You are a wealth of knowledge OT and I am thankful that you post on these odd ball situations.:thumbsup:


----------



## Oldtimer (Jul 4, 2010)

If there really is worker brood, then you have a queen who can lay at least some fertile eggs, and this queen would represent a threat to the good queen of another hive she may end up in.

But even if this queen does exist she is not worth saving. So the procedure would be to shake the bees out at least 10 or more yards from the nearest other hive so that even if there is a queen, she cannot fly to another hive. What you need to avoid is shaking right in front of another hive so the bees can walk in _en mass_, including the queen if there is one.

People use methods such as scraping the caps, freezing, etc to kill the drone brood, after which if you have a hive strong enough to tackle the job the combs can be put in one at a time, mid brood nest, for cleaning.


----------



## Oldtimer (Jul 4, 2010)

Just another thought, it does occasionally happen in my mating nucs that a slow queen can start laying after laying workers have developed, this is very hard to diagnose looking at a nice queen but not sure if she is actually laying properly but this is being camouflaged by the LW eggs. Only time can tell but it normally takes several more weeks for LW egg laying to stop and the queen take over. Generally for me, the time investment is not worth it because mostly, there is something wrong with the queen, I'm better to cut my losses, kill her, and start over.

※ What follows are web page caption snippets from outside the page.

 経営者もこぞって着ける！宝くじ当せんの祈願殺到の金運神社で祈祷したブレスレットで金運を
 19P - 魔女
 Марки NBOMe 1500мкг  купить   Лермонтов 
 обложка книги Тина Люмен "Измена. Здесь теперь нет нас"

The bees in your hive building a queen cell would also indicate that even if a queen exists, the bees are not happy with her.


----------



## DanielD (Jul 21, 2012)

Thanks again Oldtimer. I appreciate your time and thoughts. My 12 year old daughter and I have looked through the 5 frame nuc a couple times in the last week but can't find any queen. We generally have no problems finding the queens easily enough in the Q right hives, so we are fairly sure there is none. It could have been that the queen was taken out last week and workers are just being capped. I do remember a week ago that the queen cell had an early small larva in it. I did have plans to just shake it out, but my curiosity in this may keep it around for a learning opportunity. What's another week to see what becomes of the cell? I may watch it for a few more days. Call it a science experiment. Do you think a poor new queen has no ability to produce a good queen with a superseded queen? Just a curiousity. 

What about eggs at the bottom center of the cells? The cells are drawn deep as they ought. Could laying workers accomplish that sometimes since I often read they would deposit eggs on the walls?


----------



## michkel (Dec 1, 2012)

I had a split that had a poorly mated queen. They tried to supercede her, but didn't get a new queen. Then it started with a laying worker. I added a frame of eggs/brood from my main hive every week for 2 weeks. (Would have done the 3 that Michael Bush's page recommends, but they didn't need it). In the 2nd week, I found a frame with a capped queen cell on it, so I moved that over. There wasnt any evidence of laying workers at this point. That cell hatched, but the queen didn't make it back. At this point, I gave up trying to get them to raise their own queen and bought a mated queen from a local beekeeper, and added her in a cage with wax covering the candy to keep her in there a few extra days. I removed the wax 2 days after placing her cage in the hive. They released her and she is laying like crazy.

This was my first experience with a split, so I'm not saying it always will work, but it worked well for me.


----------



## DanielD (Jul 21, 2012)

michkel, If the season wasn't winding down, I would be considering righting the hive, but I determined in the beginning of the splits that they were a one shot deal and combine what didn't work out. I am glad yours worked out well so far. I am sure attempting to right a laying worker hive is an experiment for me in the future. Thanks.


----------



## Oldtimer (Jul 4, 2010)

If it's a learning experience then yes, let things play out a bit longer to see what becomes of the cell.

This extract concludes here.